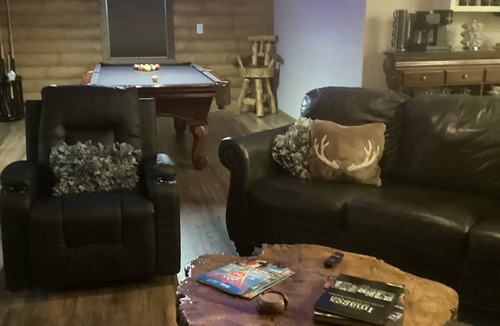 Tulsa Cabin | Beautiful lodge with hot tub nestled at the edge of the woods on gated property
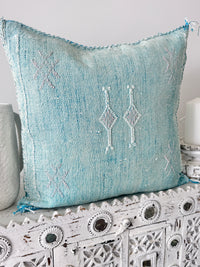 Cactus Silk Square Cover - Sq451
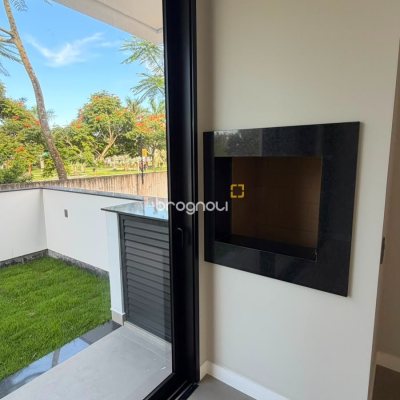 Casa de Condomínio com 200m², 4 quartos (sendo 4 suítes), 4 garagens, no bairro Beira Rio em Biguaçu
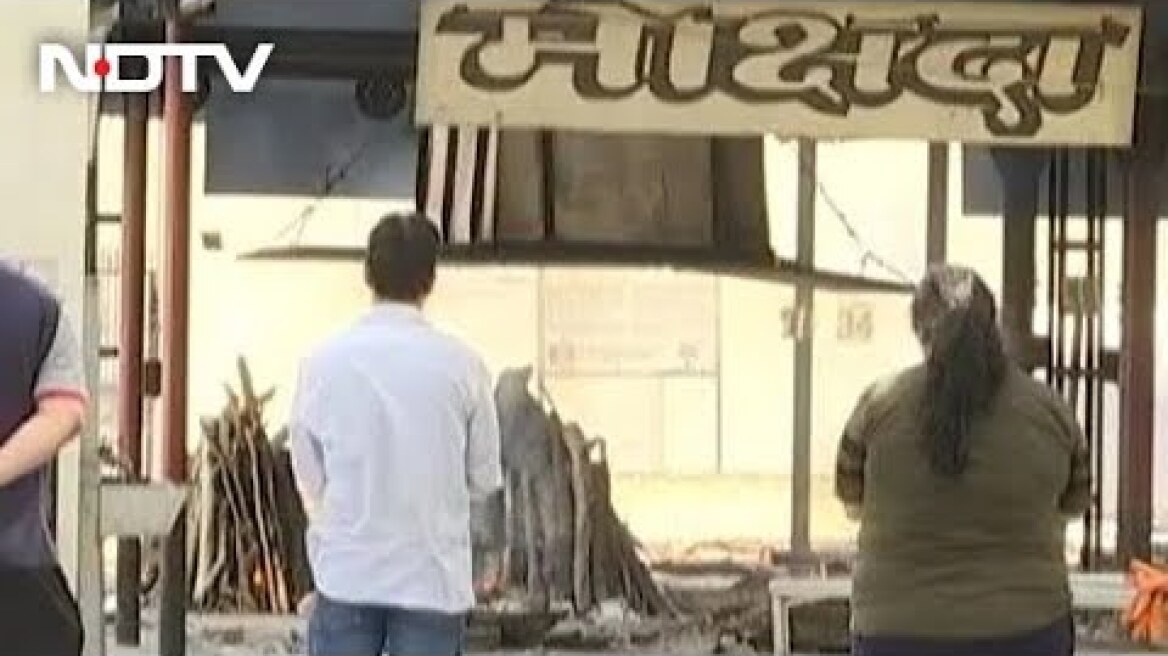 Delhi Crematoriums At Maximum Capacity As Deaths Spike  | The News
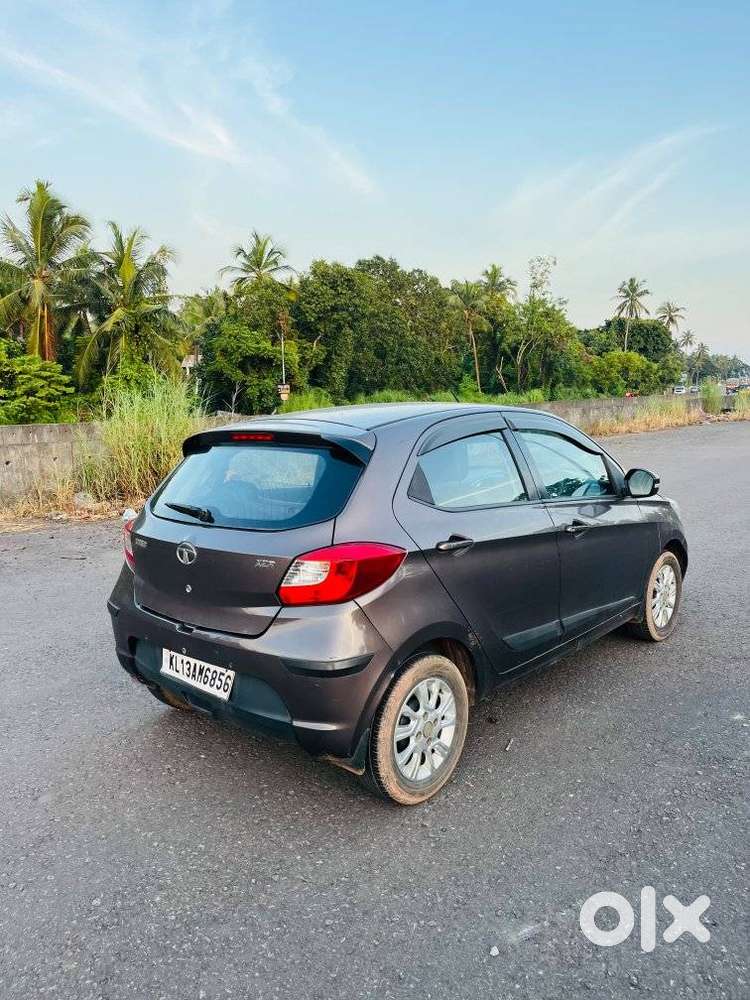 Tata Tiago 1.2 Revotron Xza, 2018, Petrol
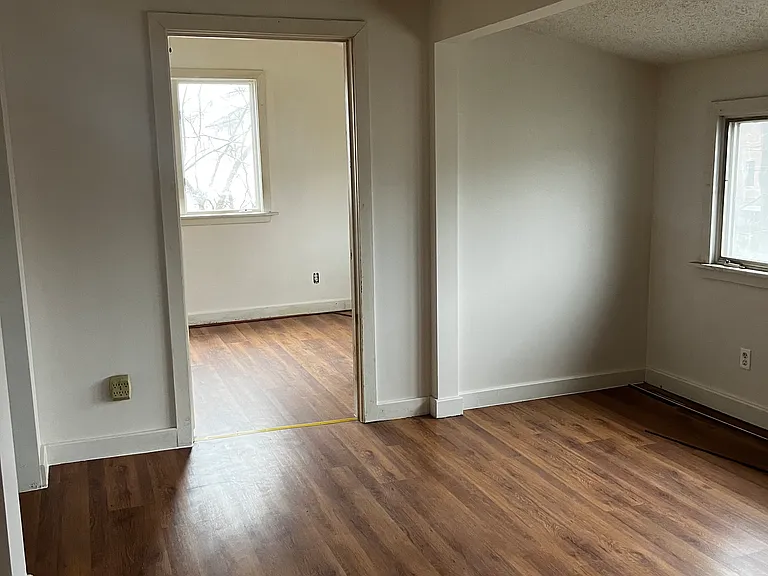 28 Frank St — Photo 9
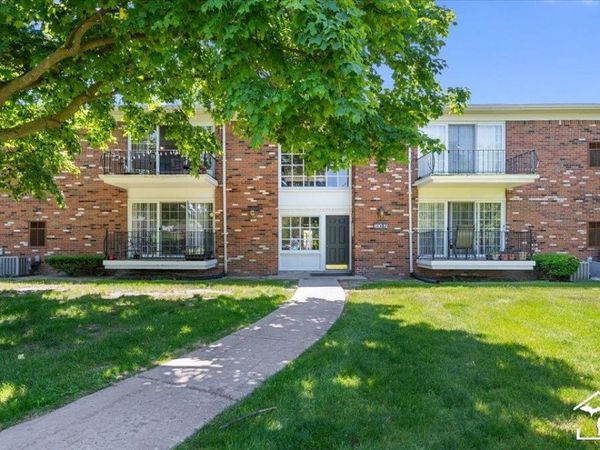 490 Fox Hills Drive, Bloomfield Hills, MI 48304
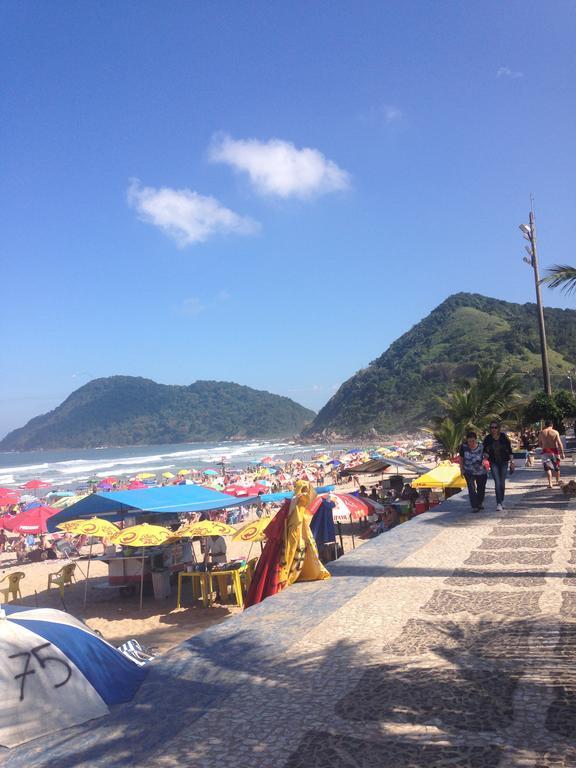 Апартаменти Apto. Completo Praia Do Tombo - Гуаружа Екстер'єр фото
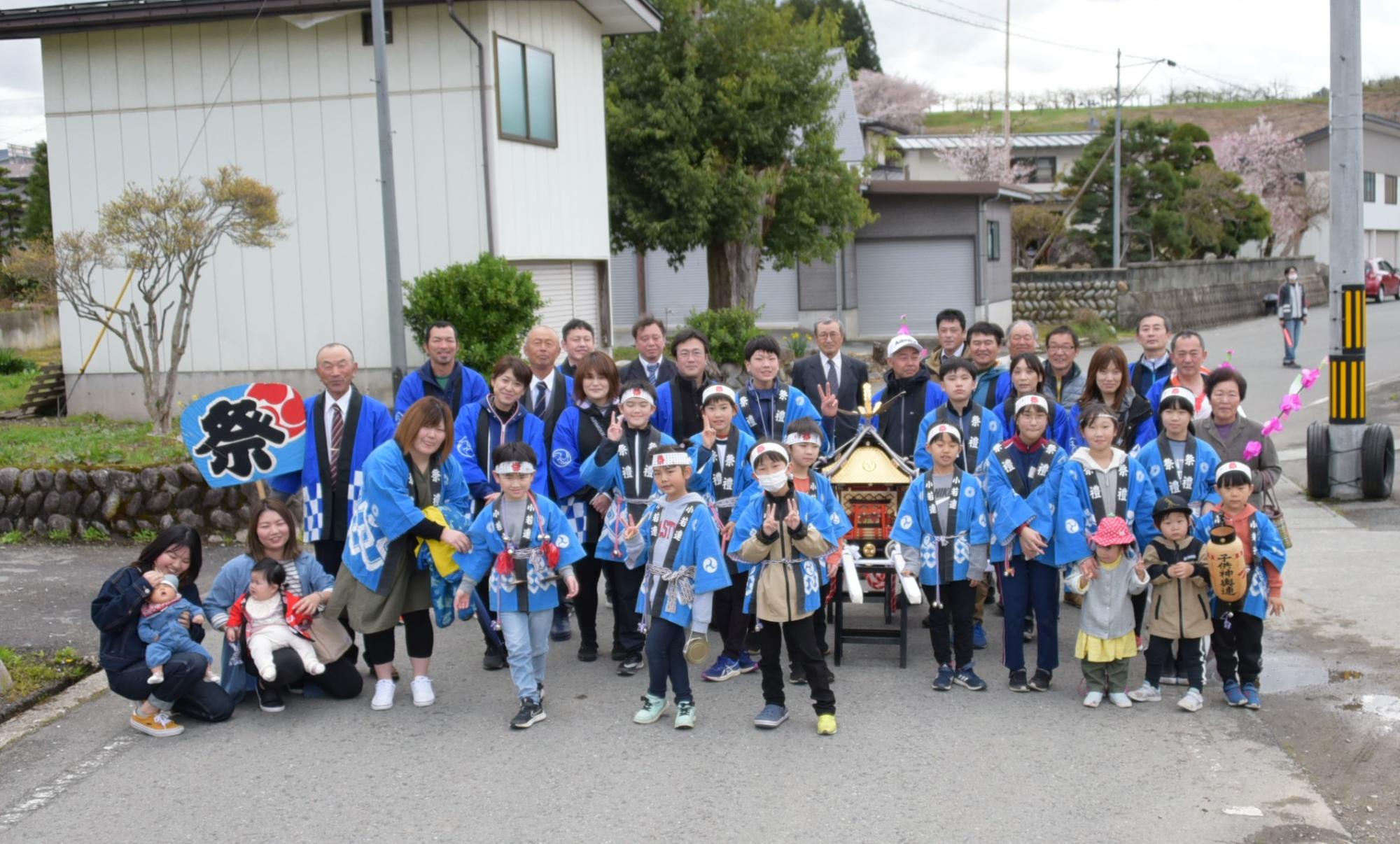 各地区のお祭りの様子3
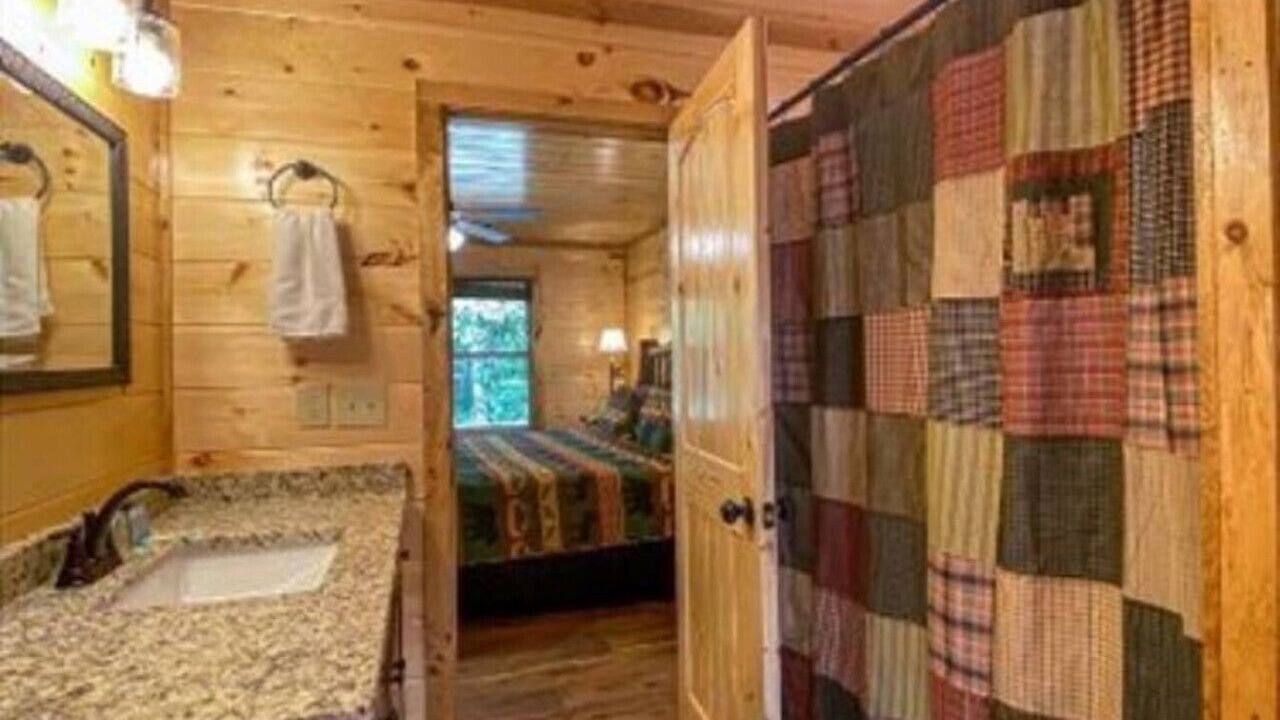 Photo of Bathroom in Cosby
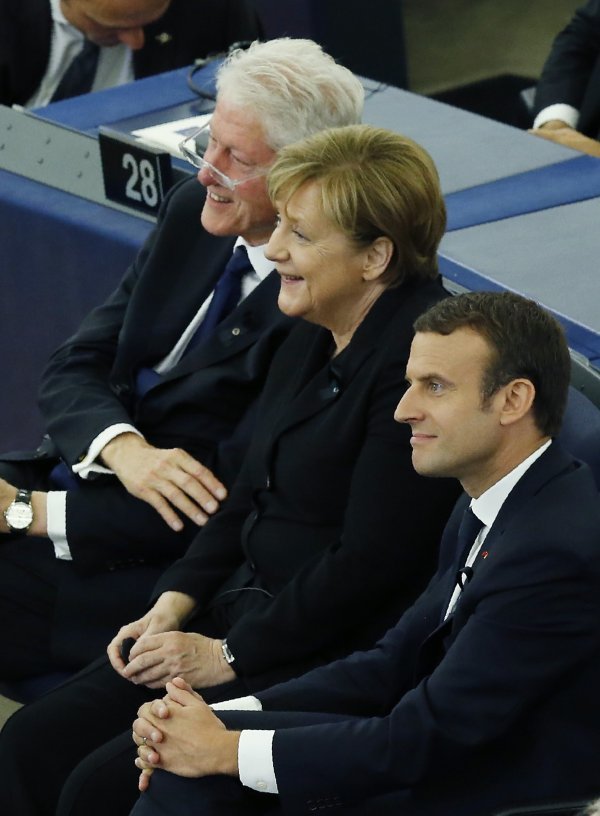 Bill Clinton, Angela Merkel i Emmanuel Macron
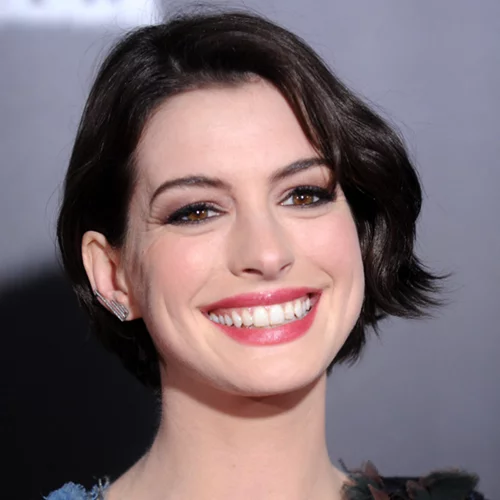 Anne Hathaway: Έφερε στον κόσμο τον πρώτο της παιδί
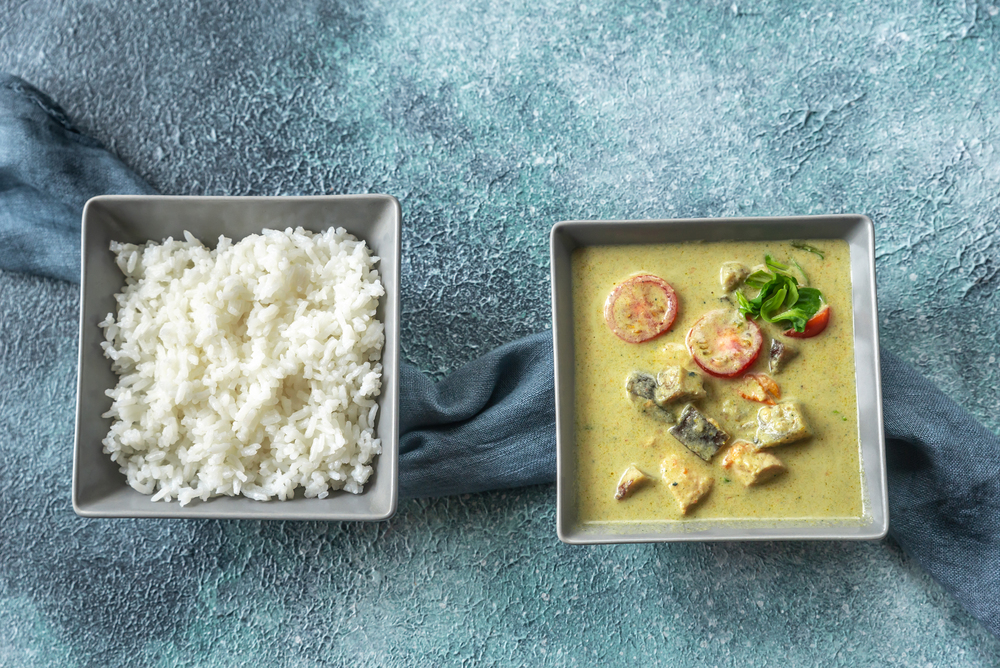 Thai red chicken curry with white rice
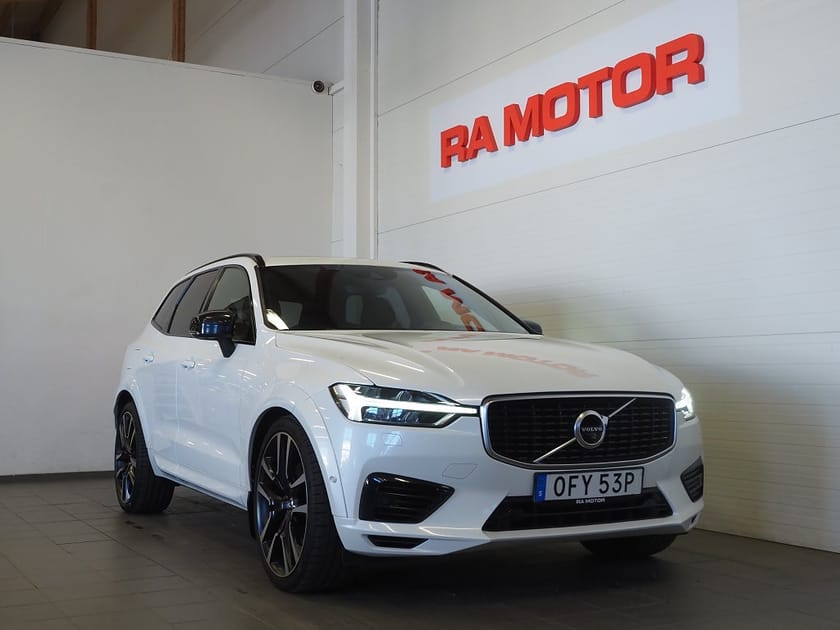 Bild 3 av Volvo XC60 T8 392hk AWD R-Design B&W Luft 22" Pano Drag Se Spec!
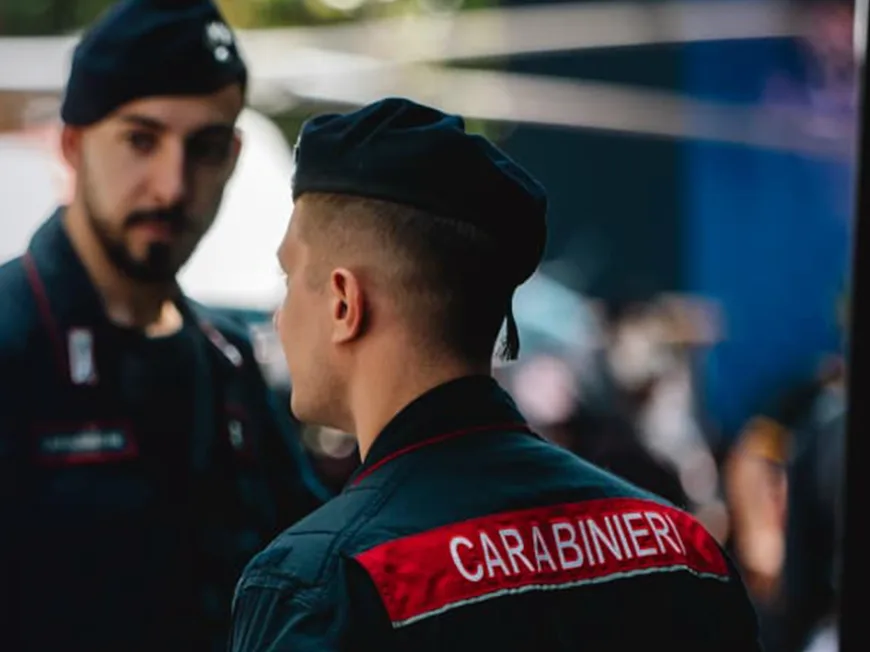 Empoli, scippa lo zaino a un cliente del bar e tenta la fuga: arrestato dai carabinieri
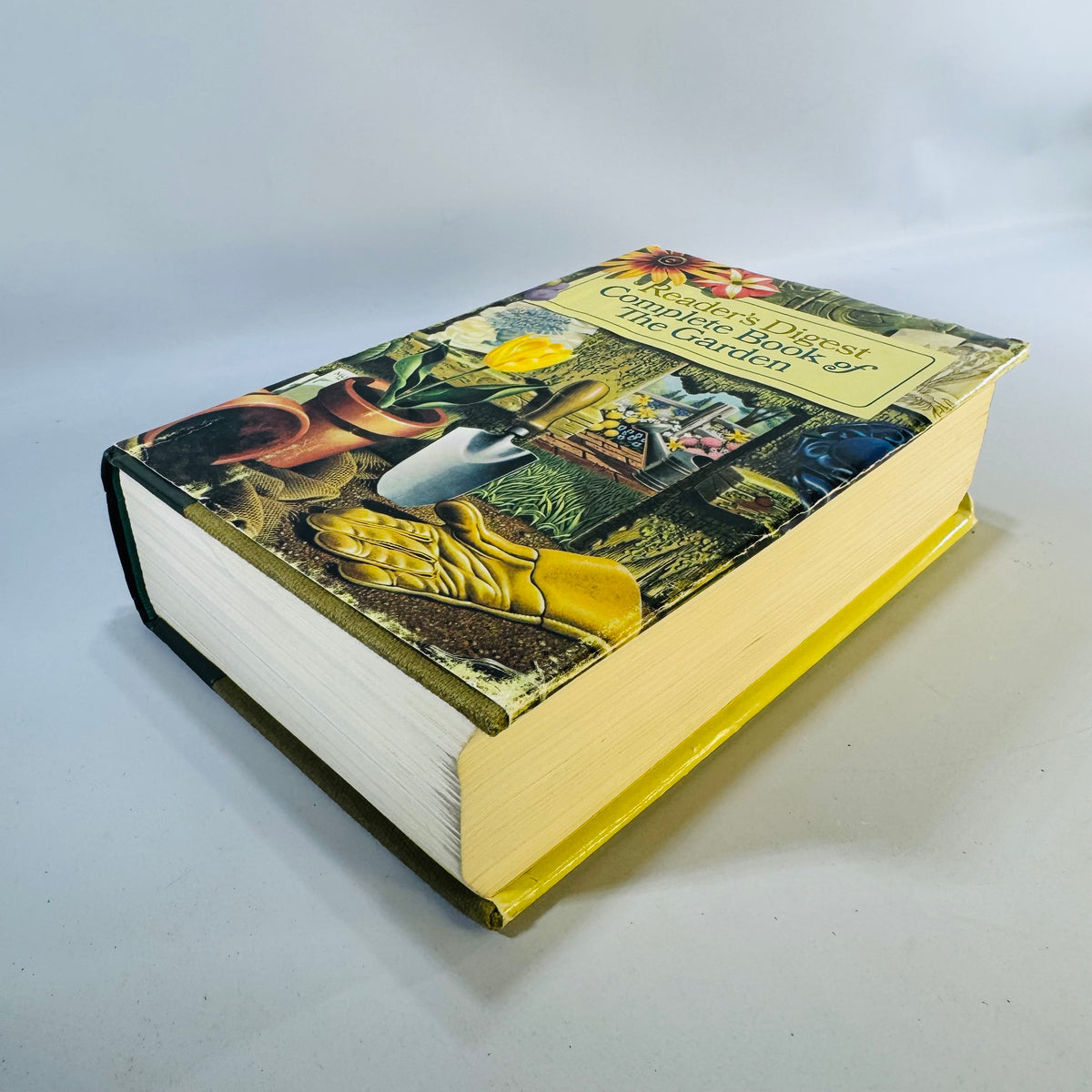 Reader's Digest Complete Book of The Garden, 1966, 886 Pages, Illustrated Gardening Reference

□ □ □

# [Aim of the exercise]
Leave the pictures aside and transcribe only the lines from the one holding "Delhi Crematoriums At" through the final line of the records above.

# [Solution for this exercise]
 Delhi Crematoriums At Maximum Capacity As Deaths Spike  | The News
 Tata Tiago 1.2 Revotron Xza, 2018, Petrol
 28 Frank St — Photo 9
 490 Fox Hills Drive, Bloomfield Hills, MI 48304
 Апартаменти Apto. Completo Praia Do Tombo - Гуаружа Екстер'єр фото
 各地区のお祭りの様子3
 Photo of Bathroom in Cosby
 Bill Clinton, Angela Merkel i Emmanuel Macron
 Anne Hathaway: Έφερε στον κόσμο τον πρώτο της παιδί
 Thai red chicken curry with white rice
 Bild 3 av Volvo XC60 T8 392hk AWD R-Design B&W Luft 22" Pano Drag Se Spec!
 Empoli, scippa lo zaino a un cliente del bar e tenta la fuga: arrestato dai carabinieri
 Reader's Digest Complete Book of The Garden, 1966, 886 Pages, Illustrated Gardening Reference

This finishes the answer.